In the context of Plan A, it would be all too easy for no progress to be made at all if cuts to programmes were not made systematically according to a steady programme. Imagine if they were put off now, only to be “implemented” suddenly “when the recession was over”; one can easily see why any Treasury would worry that they would never take place at all.

Where’s the credit?

So, if fiscal policy cannot rescue the economy, what should we do?

It is widely argued by advocates of stimulus spending that monetary policy cannot be effective at “the zero bound” (where interest rates are virtually zero, as they are now) because rates cannot be cut any further. This is not the case.

What we now know is that while official interest rates paid on government paper are indeed exceedingly low, interest rates and associated charges for private credit are as high as ever. In fact the complaint of small businesses is that they can barely get credit at all.

To combat this, the Bank of England has opted for “Quantitative Easing” (QE) to increase money supply and bank credit.

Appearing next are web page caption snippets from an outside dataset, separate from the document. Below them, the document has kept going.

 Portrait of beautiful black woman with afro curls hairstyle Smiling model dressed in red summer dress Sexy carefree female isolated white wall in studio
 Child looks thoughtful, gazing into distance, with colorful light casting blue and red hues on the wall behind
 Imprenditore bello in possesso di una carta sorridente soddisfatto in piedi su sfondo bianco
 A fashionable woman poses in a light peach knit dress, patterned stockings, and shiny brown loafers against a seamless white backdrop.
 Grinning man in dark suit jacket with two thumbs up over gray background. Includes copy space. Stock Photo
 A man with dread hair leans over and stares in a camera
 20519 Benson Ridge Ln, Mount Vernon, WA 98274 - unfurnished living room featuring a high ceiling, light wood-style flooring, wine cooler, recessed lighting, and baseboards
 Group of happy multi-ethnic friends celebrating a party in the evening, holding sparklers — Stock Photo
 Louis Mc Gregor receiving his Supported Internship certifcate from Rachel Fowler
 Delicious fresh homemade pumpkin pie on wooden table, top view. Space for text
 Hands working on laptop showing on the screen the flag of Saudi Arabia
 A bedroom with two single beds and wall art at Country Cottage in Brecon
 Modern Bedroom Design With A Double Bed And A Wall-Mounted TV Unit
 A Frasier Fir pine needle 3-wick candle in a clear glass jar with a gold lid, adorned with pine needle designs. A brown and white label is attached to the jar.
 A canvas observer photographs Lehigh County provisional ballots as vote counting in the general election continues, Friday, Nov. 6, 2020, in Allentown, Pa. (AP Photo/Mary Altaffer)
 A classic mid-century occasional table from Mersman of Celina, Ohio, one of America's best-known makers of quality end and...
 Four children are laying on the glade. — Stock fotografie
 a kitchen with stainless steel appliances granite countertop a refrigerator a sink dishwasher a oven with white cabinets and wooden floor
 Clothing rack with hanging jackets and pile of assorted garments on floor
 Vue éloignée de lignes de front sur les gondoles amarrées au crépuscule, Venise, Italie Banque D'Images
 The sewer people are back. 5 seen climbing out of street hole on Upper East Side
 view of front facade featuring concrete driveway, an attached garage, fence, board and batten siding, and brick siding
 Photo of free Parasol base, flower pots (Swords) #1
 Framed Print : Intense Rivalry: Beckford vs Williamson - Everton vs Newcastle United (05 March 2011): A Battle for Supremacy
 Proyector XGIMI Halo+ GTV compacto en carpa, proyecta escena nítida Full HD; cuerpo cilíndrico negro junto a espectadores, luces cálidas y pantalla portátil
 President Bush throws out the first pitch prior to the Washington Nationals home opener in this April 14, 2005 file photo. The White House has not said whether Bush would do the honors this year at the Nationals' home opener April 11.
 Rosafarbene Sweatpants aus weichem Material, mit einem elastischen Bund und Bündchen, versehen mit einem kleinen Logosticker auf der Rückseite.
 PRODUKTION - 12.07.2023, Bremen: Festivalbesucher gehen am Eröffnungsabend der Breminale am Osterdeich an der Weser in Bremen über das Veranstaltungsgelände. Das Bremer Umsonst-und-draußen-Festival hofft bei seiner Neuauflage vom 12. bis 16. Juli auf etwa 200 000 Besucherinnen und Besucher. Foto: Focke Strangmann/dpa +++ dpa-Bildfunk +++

In principle, increasing the supply of bank reserves ought to have an effect in increasing bank credit and deposits via the usual “money multiplier” (the ratio of total money supply to currency plus bank reserves).

However, QE has been a huge disappointment in this respect: as reserves have been injected, so regulation of “risky credit” by the banks has been greatly intensified, and the money multiplier has collapsed. The latest round of international banking regulations, known as Basel III, means banks now have to keep a higher ratio of capital to risk-weighted assets. Following the Vickers Report, the UK has actually strengthened regulation beyond the Basel requirements, asking for higher capital ratios, and a ringfencing of investment and consumer banking. This happened at just the time when QE has been deployed; the one has neutralised the other and the banks have not expanded credit.

In the UK, a variety of new schemes have attempted to resolve the clash: so far funding for Lending Schemes 1 and 2, giving banks further incentives to lend to small businesses, and now also the mortgage guarantee scheme.

But these attempts to loosen regulation by the back door are not enough; we must entirely rethink banking regulation and overall monetary policy.

Personally I would emphasise a return to more traditional monetary policy, targeting both inflation and money supply. Then banking regulation could be returned to a more general microeconomic aim of preventing outright bad practice. Current regulations mean marginal capital-raising needs are discouraging banks from lending to small and medium enterprises. With different regulations, we would already see QE having its intended effect.

It remains the case that, if we could remove these distortions, monetary policy is the fastest and most effective way to combat the business cycle. We should not undermine the process of getting our public accounts back into order through poorly founded demands for increased spending.